→ EXCERPTED DATA:

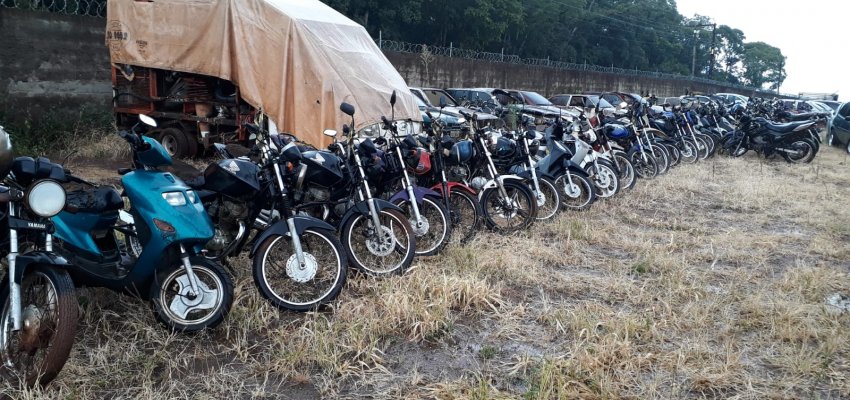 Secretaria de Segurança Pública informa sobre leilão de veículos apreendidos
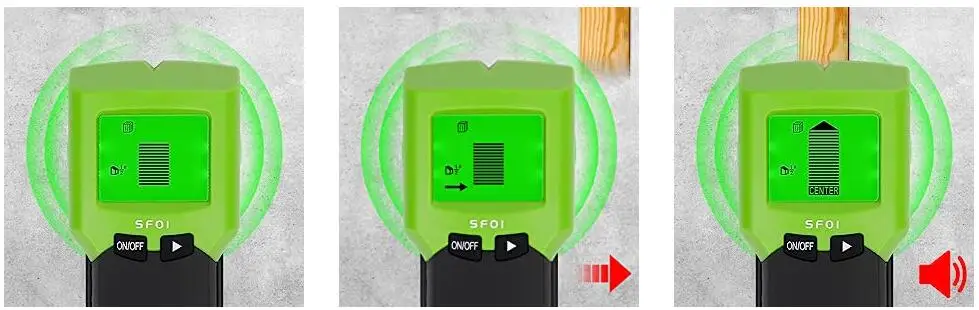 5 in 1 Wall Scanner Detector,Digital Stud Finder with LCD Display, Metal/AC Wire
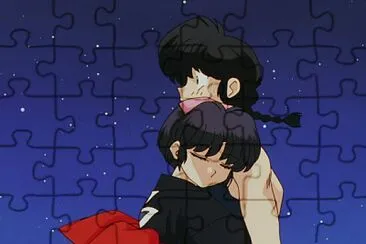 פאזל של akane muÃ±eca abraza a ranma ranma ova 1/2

* * *

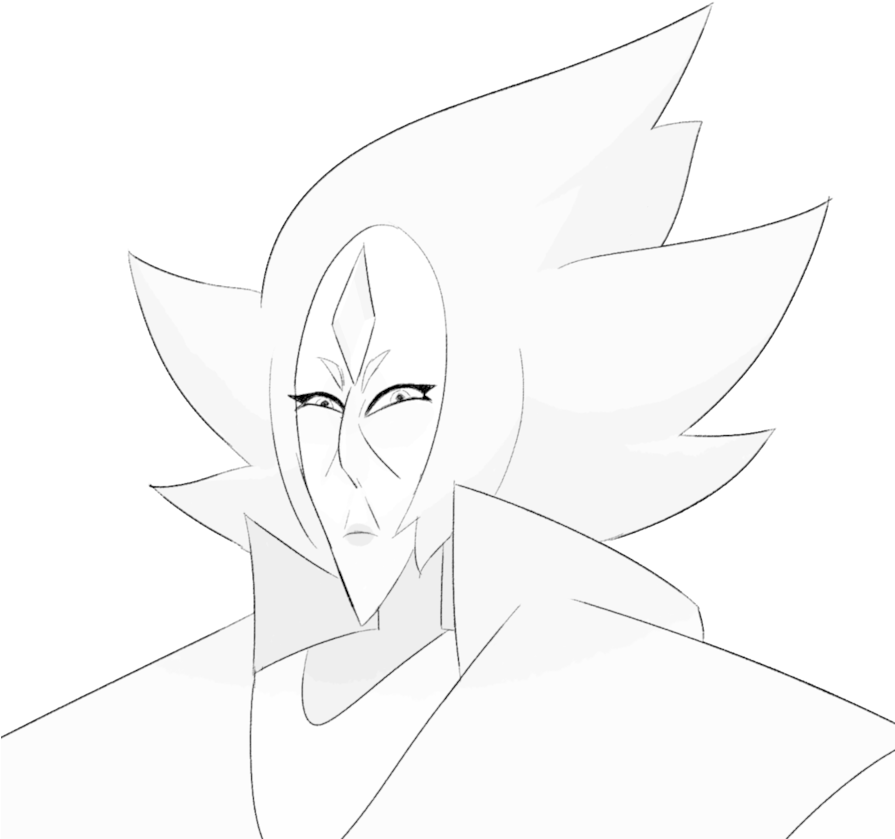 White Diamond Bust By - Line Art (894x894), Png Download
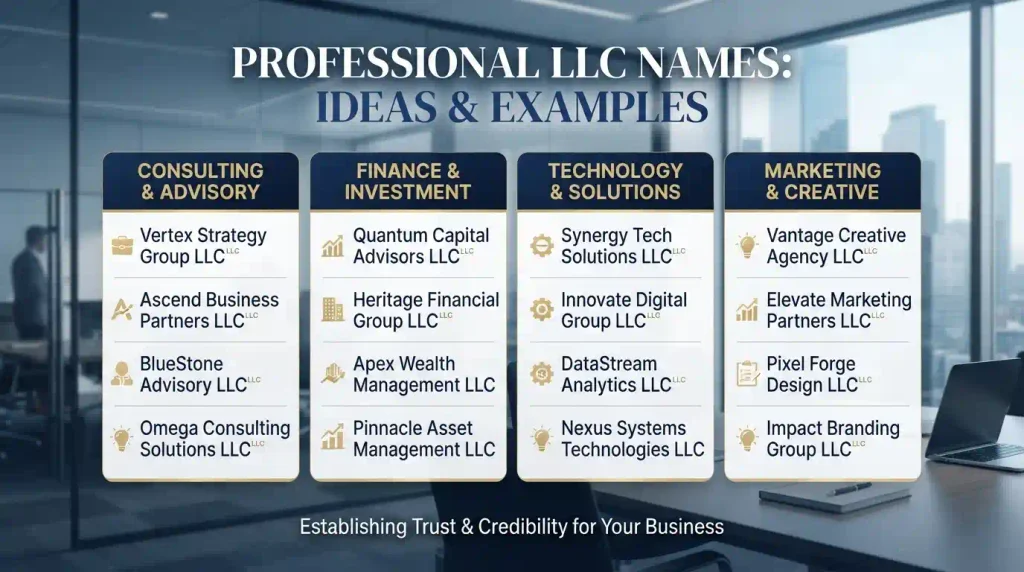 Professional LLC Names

→ REQUIRED ACTION:
In the listing above, find the line with "White Diamond Bust" and output every line through the one with "Professional LLC Names", exactly, without the pictures.

→ EXPECTED OUTPUT:
 White Diamond Bust By - Line Art (894x894), Png Download
 Professional LLC Names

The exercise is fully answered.